Start of Material for this task

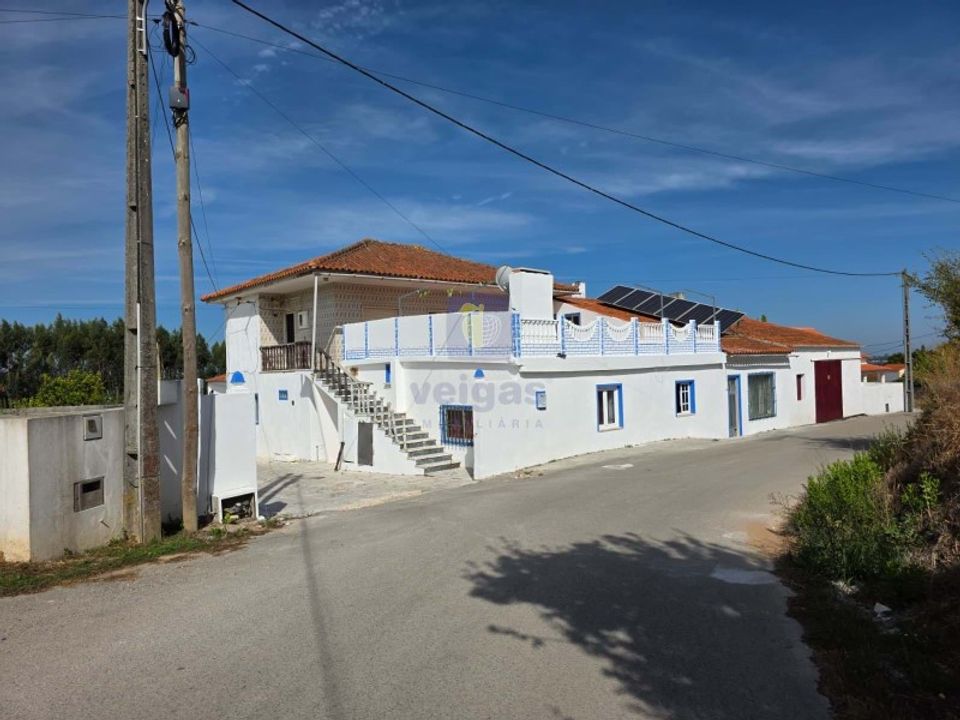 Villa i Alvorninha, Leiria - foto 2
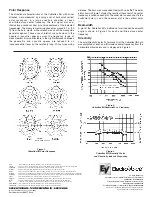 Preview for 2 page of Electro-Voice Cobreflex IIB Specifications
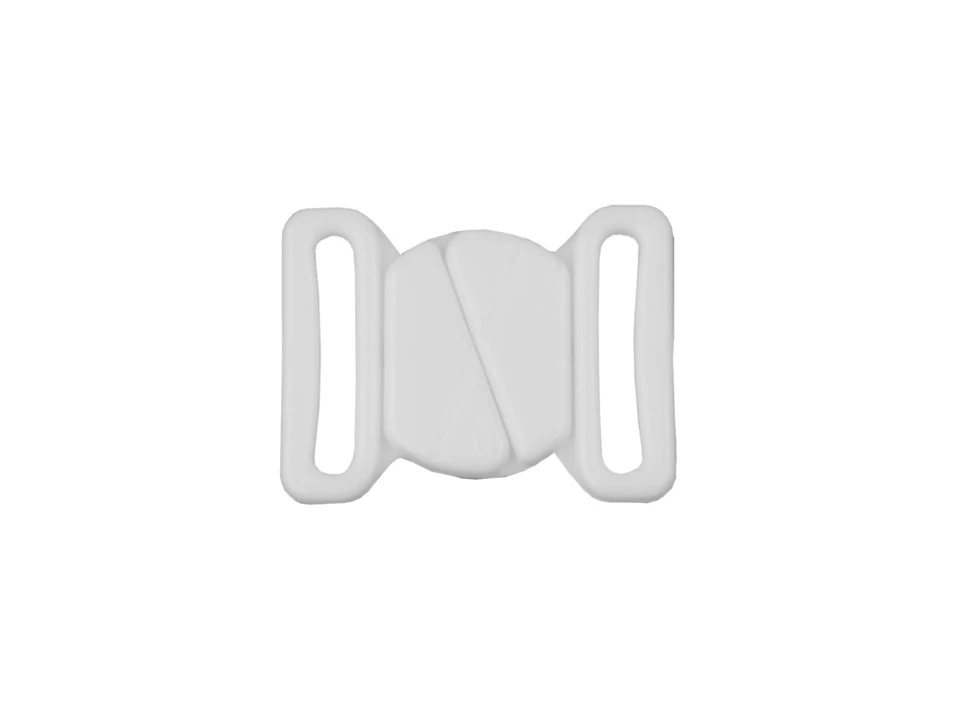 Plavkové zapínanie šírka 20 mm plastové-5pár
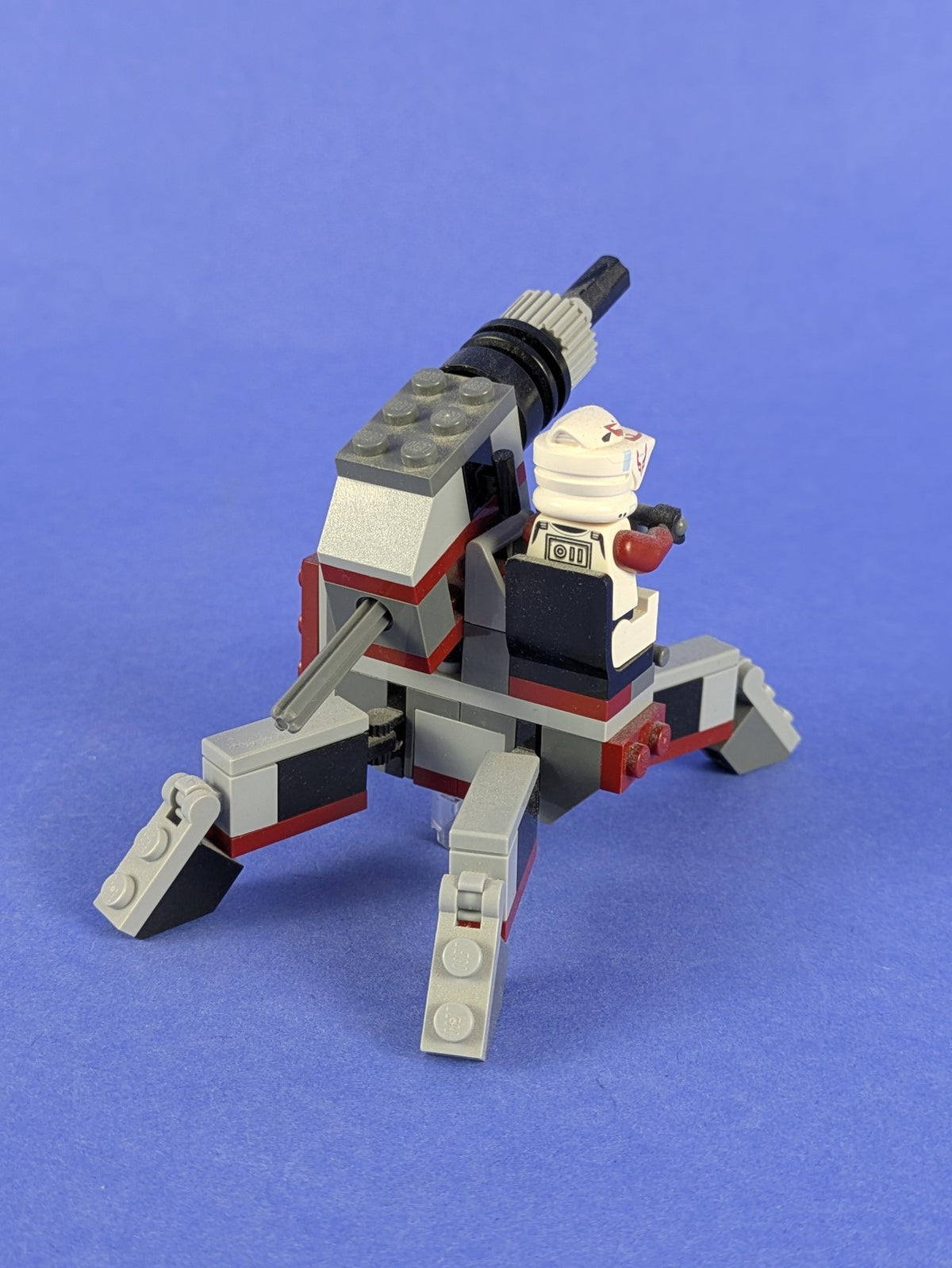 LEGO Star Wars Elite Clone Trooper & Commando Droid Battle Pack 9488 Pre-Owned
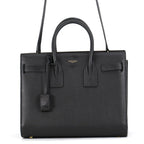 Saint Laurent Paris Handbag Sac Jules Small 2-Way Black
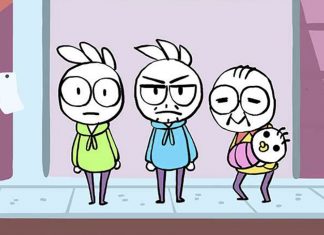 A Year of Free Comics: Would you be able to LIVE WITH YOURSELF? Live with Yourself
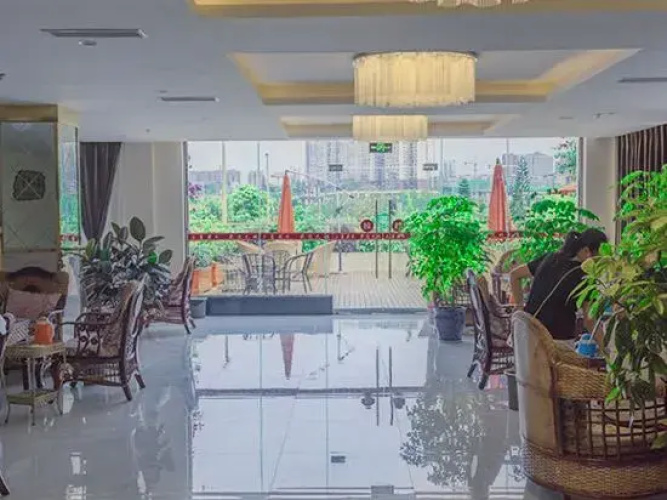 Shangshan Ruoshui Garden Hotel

End of Material for this task

▶ Aim of the exercise
Since the copy must contain no pictures, return only the text of the records, exactly as it stands.

▶ Response to this exercise
 Villa i Alvorninha, Leiria - foto 2
 Preview for 2 page of Electro-Voice Cobreflex IIB Specifications
 Plavkové zapínanie šírka 20 mm plastové-5pár
 LEGO Star Wars Elite Clone Trooper & Commando Droid Battle Pack 9488 Pre-Owned
 Saint Laurent Paris Handbag Sac Jules Small 2-Way Black
 A Year of Free Comics: Would you be able to LIVE WITH YOURSELF? Live with Yourself
 Shangshan Ruoshui Garden Hotel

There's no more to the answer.